Граф Гарри Кесслер в своих воспоминаниях утверждает, что во второй половине прошлого века в истории Европы началась новая эпоха: стала раскалываться международная, космополитическая аристократия, которая до того составляла если не единую семью, то единое общество, совершенно не знавшее национализма и не очень считавшееся с национальностью своих членов (язык у всех был общий: французский).
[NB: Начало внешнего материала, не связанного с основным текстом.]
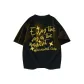 Black Yellow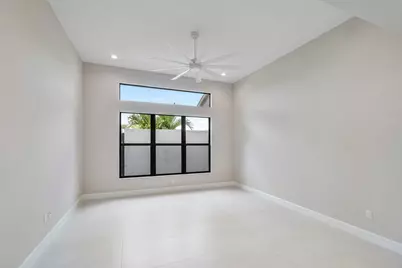 9062 Corsican Finch Court, Boynton Beach, FL 33473 - Photo 26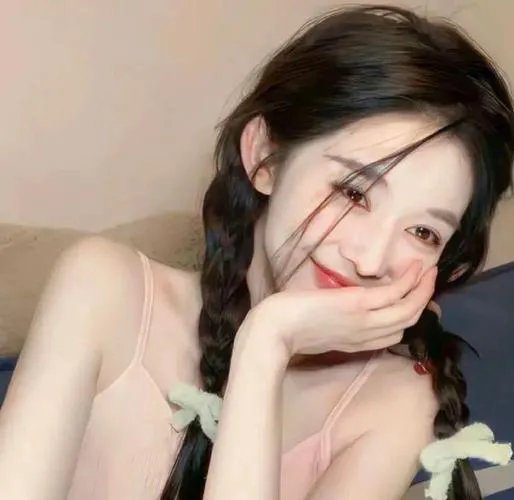 穿越成救赎王妃惊艳后宫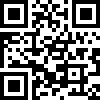 https://khabaronline.ir/x3Bxm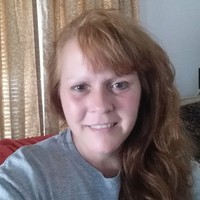 Cindy Stratton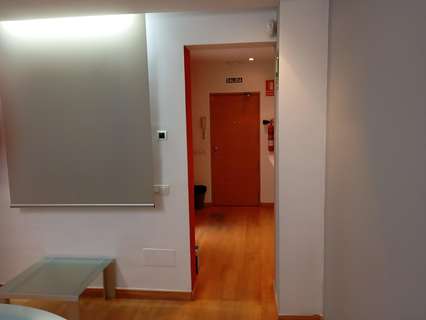 Despacho en alquiler en Palma de Mallorca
Пошатнулся и затрещал „мир красивых женщин, галантных королей, династических комбинаций, Европы XVIII века и Священного союза". Друг Бисмарка, граф Гелльдорф, так и говорил: „Старый мир кончается, идет новый, черный, очень черный, и бесконечно тревожный..." Сам Бисмарк считал себя свободным от „наивной веры в породу, присущей незнатным или невежественным людям". Но в отношении к грядущему черному миру (и в смысле черной кости, и в смысле более широком) он вполне со своим другом сходился.
В политическом отношении Кесслер, „красный граф", друг Вальтера Ратенау, несколько преувеличивает, — хоть верно то, что в первой половине прошлого века Европой правила главным образом „международная космополитическая аристократия". В отношении же бытовом указание совершенно верно, и с ним согласится всякий, кто хоть немного знаком с мемуарной литературой той эпохи. Свет был тогда очень мал, все друг друга знали, — в большинстве лично, а то понаслышке, через общих знакомых, по разным семейным, дружественным, служебным связям.
В этом международном свете брак принцессы Матильды стал в 1840 году событием. Встретили его по-разному — в общем скорее неблагожелательно. Очень недовольны были остальные Бонапарты: Демидов был слишком богат, кузены и кузины Матильды не чувствовали радости от того, что девчонке достались миллионы. В Петербурге говорили, что Николай Павлович в ярости: по матери принцесса Матильда приходилась ему довольно близкой родственницей, — с ним таким образом вступал в свойство его подданный, коллежский асессор Демидов, которого он вдобавок терпеть не мог. В Париже газеты возмущенно писали, что король Жером отдал в приданое за дочерью меч Франциска I: в Россию таким образом уходит французская национальная реликвия {10} .
10
Дальнейшая судьба этой исторической драгоценности мне неизвестна. Быть может, Анатолий Демидов вернул ее жене в ту пору, когда они разошлись. Но скорее меч, принадлежавший Франциску I, Карлу V и Наполеону, хранился до революции в каком-либо из демидовских имений, а теперь валяется в чулане где-нибудь в захолустном колхозе.